Try it → Exactly the lines from the one containing "SwitchBot W5600000 Smart Lock Ultra" through the end of the listing below are required, restated word for word and without pictures.

Dataset section →
---*---
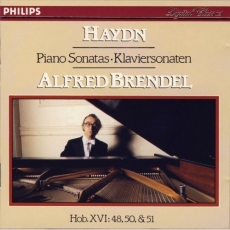 Haydn - Piano Sonatas Hob. XVI: 48, 50, 51 - Alfred Brendel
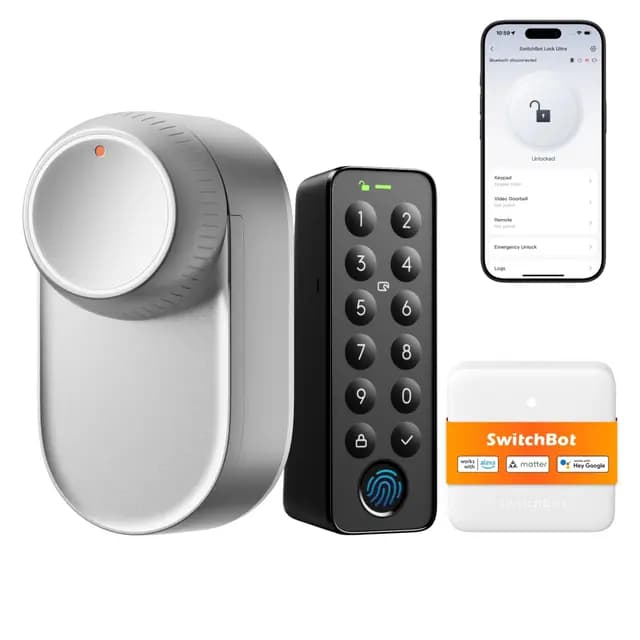 SwitchBot W5600000 Smart Lock Ultra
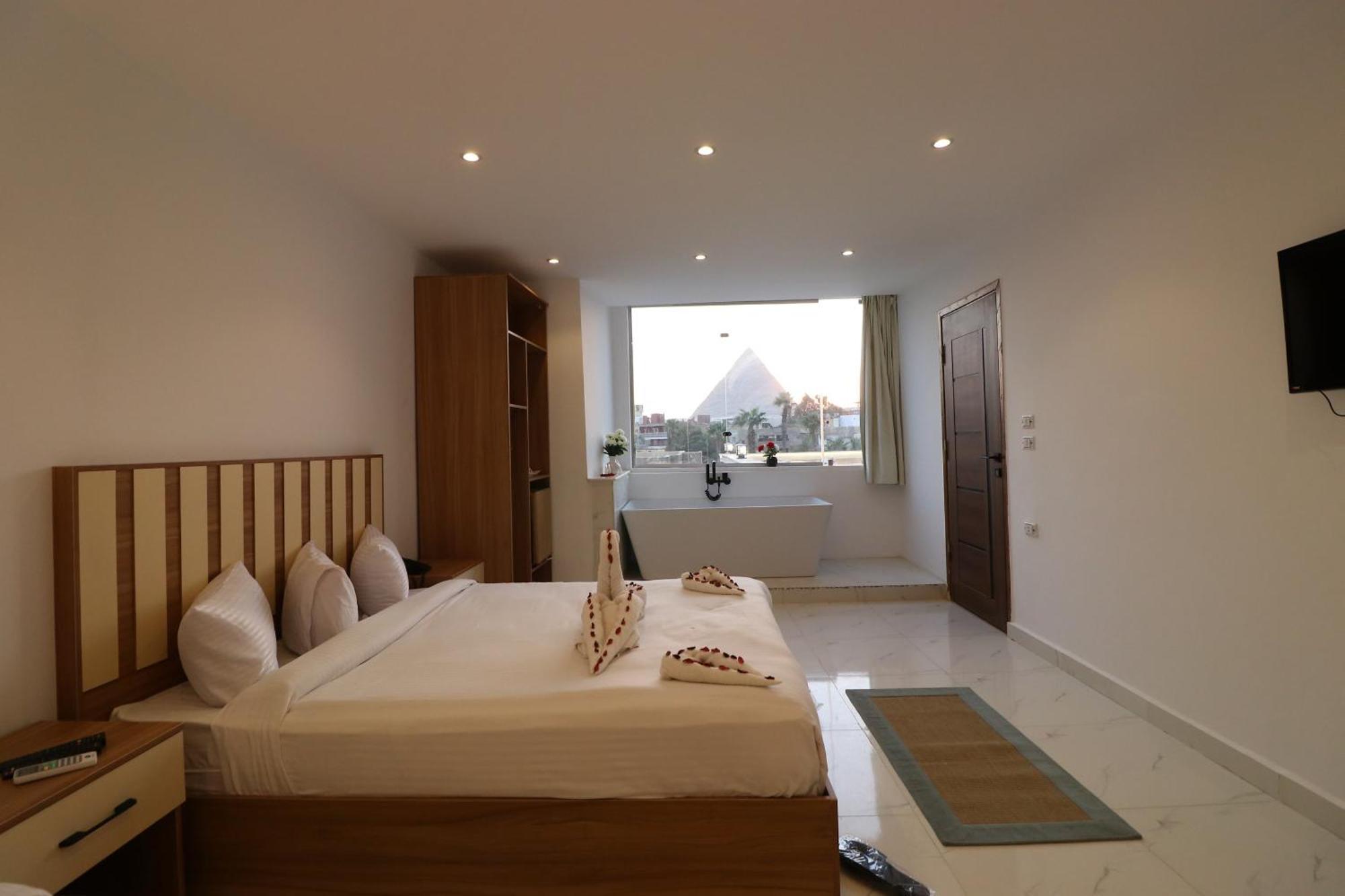 West Pyramids Hotel Kafrat al Jabal Экстерьер фото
---*---
Completed task →
 SwitchBot W5600000 Smart Lock Ultra
 West Pyramids Hotel Kafrat al Jabal Экстерьер фото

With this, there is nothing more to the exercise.